Would you reproduce, word for word, only the lines running from the top of the data through the line containing "2012 Harley Dyna", and none of the pictures?

Segment Open

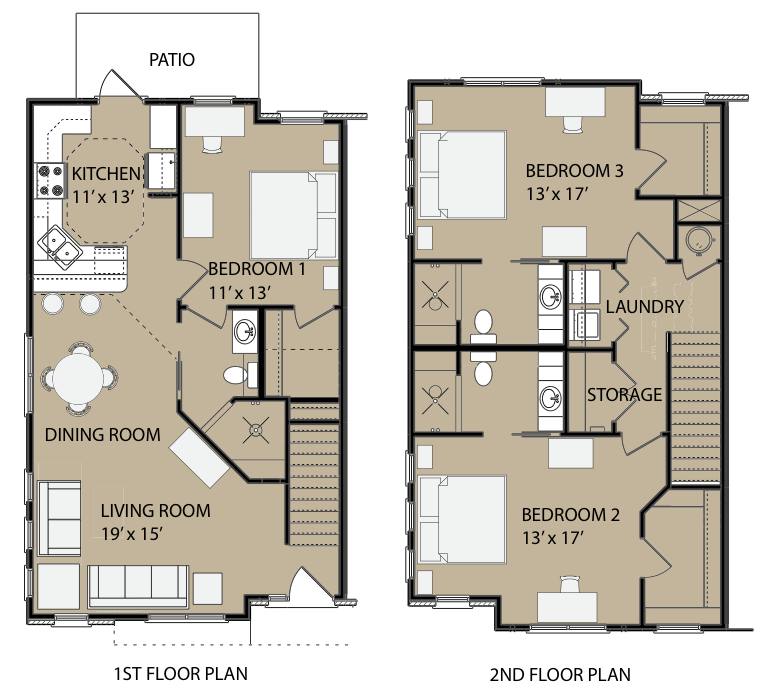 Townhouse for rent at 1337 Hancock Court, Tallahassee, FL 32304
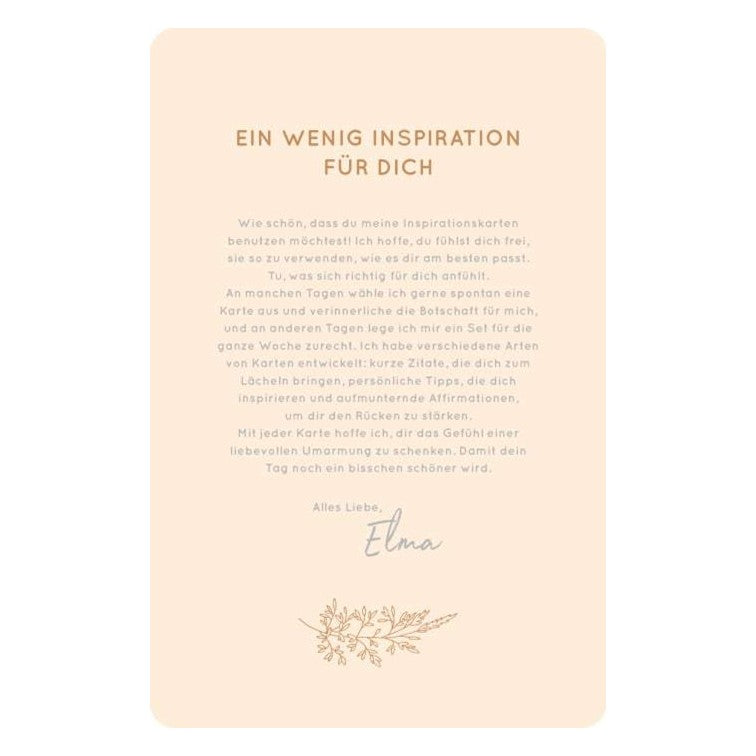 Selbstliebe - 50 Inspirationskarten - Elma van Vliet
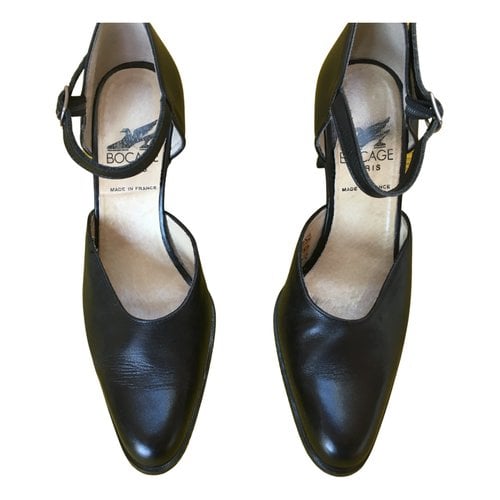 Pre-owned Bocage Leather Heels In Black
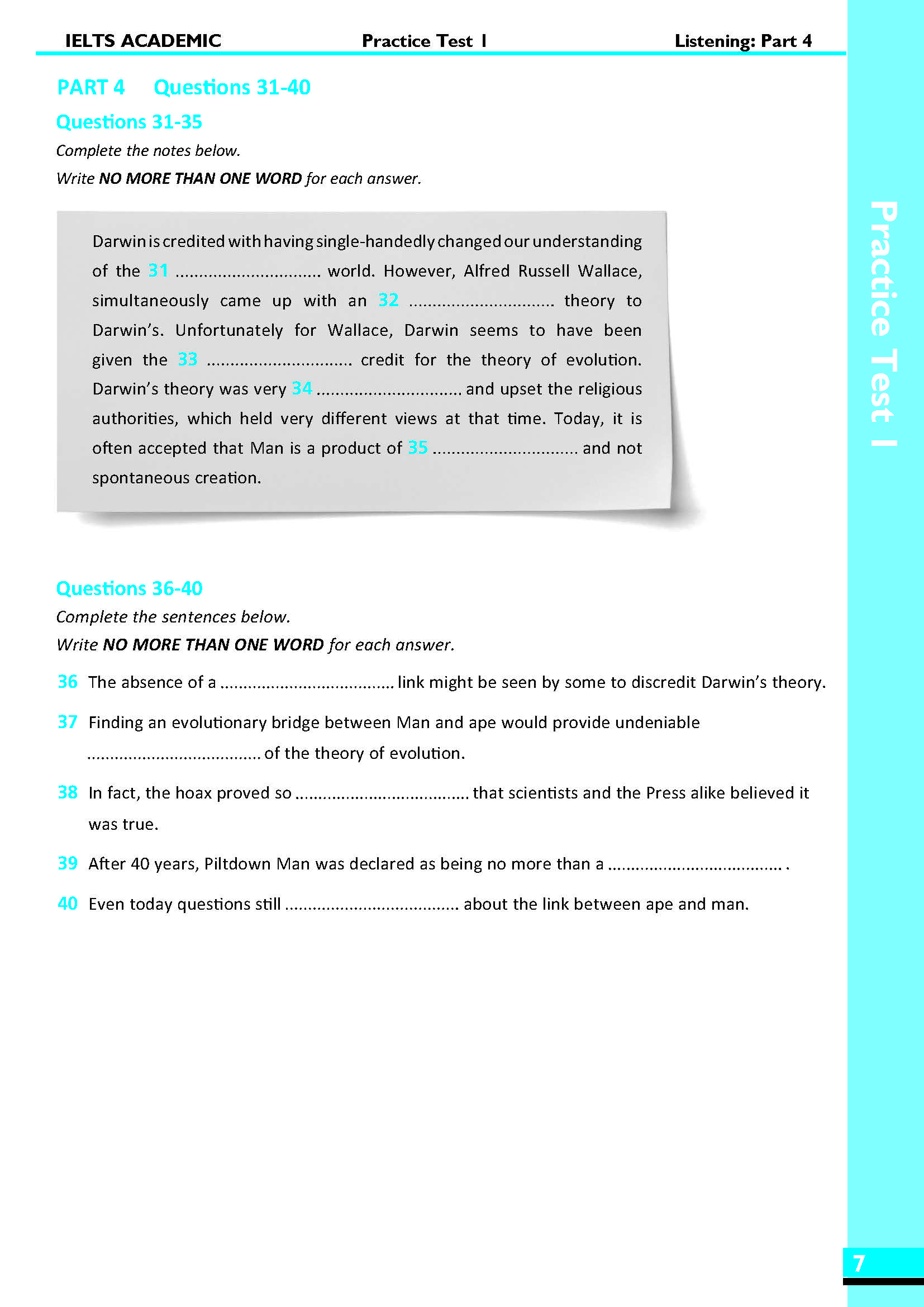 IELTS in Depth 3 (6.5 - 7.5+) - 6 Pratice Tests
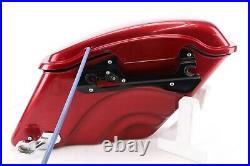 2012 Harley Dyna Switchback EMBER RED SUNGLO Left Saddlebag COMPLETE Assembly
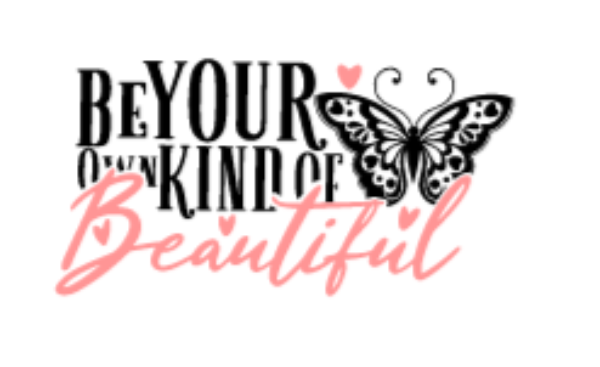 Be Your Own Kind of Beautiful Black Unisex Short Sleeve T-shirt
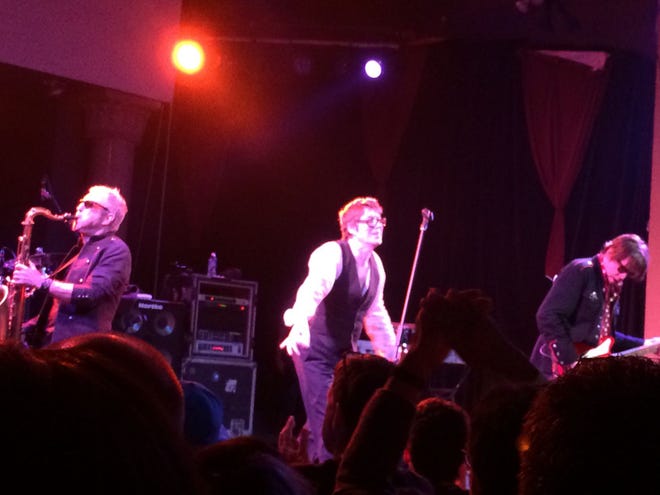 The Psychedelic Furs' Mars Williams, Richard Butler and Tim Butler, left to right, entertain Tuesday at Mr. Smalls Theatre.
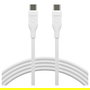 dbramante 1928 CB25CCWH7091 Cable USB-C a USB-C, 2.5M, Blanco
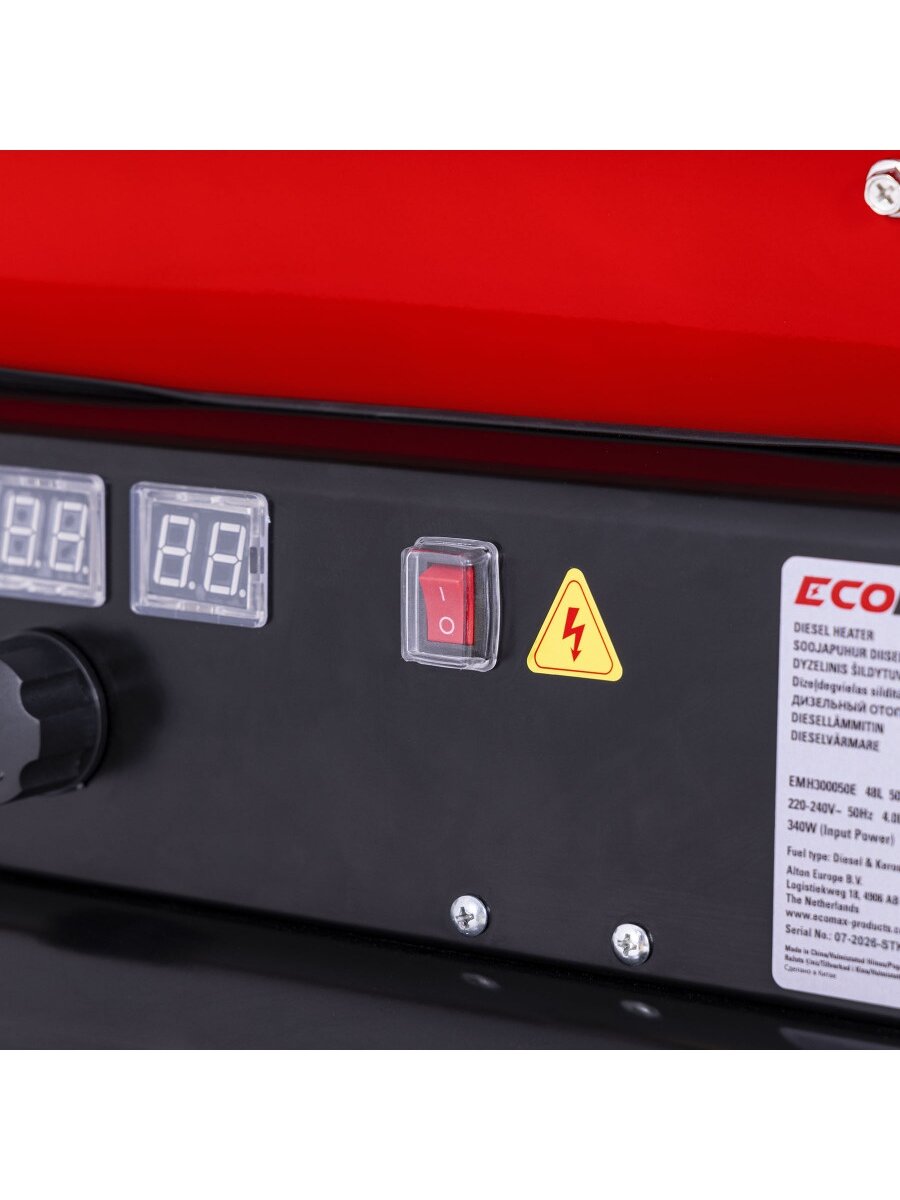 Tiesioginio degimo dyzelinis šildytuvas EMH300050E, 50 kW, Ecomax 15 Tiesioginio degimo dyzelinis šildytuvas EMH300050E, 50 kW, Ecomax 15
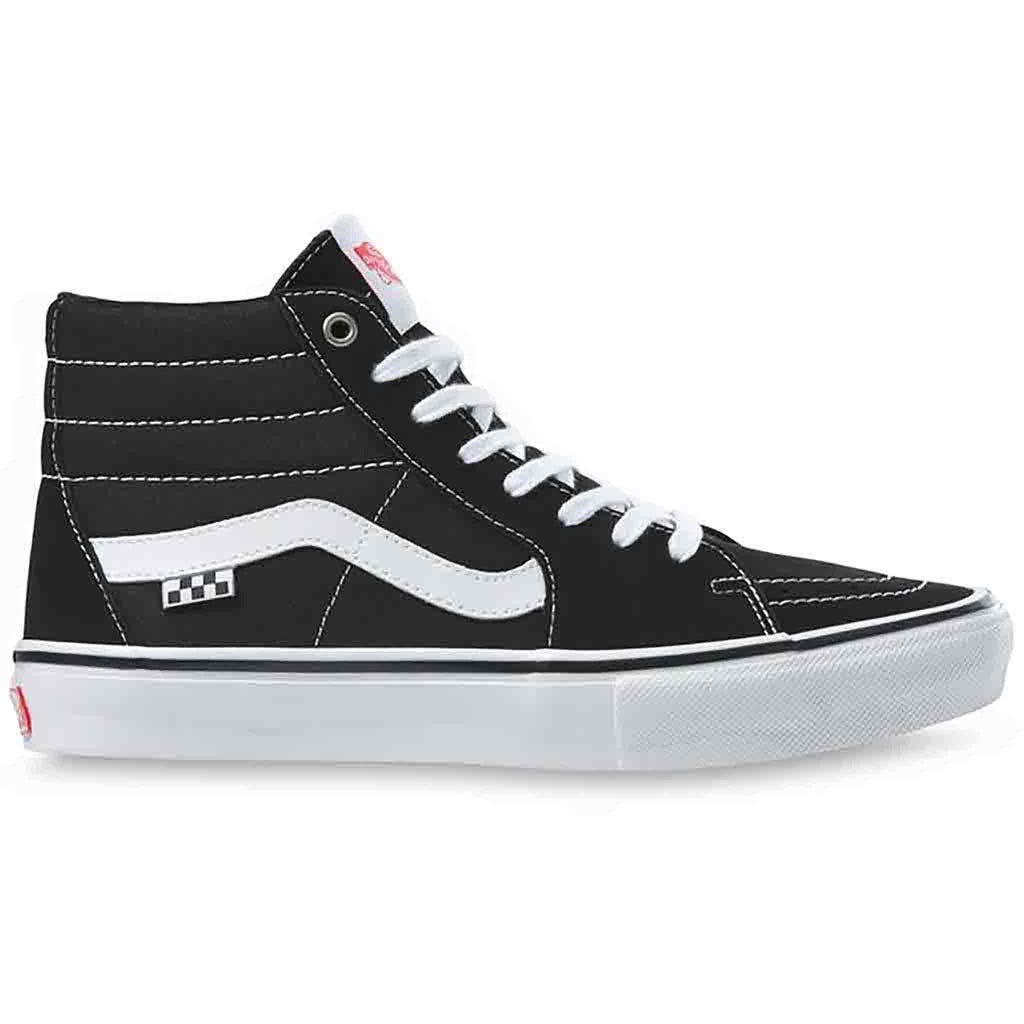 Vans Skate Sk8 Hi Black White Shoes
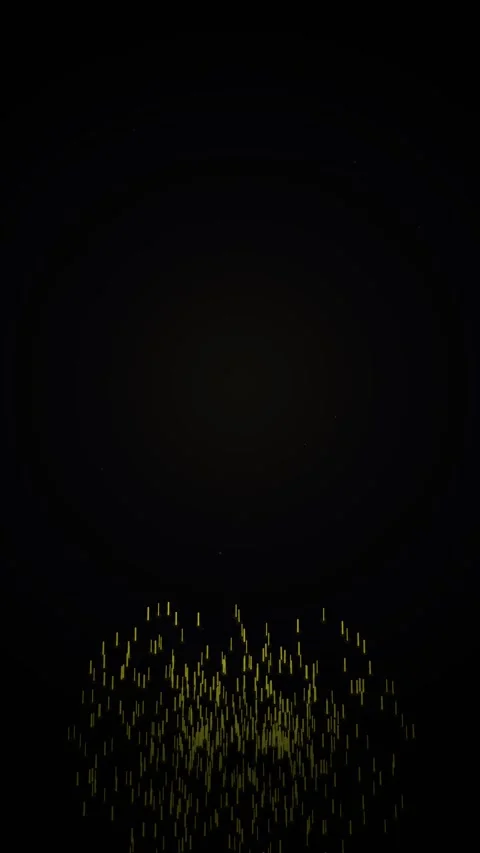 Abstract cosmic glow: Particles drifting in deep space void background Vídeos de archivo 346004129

Segment Closed

EXPECTED ANSWER
 Townhouse for rent at 1337 Hancock Court, Tallahassee, FL 32304
 Selbstliebe - 50 Inspirationskarten - Elma van Vliet
 Pre-owned Bocage Leather Heels In Black
 IELTS in Depth 3 (6.5 - 7.5+) - 6 Pratice Tests
 2012 Harley Dyna Switchback EMBER RED SUNGLO Left Saddlebag COMPLETE Assembly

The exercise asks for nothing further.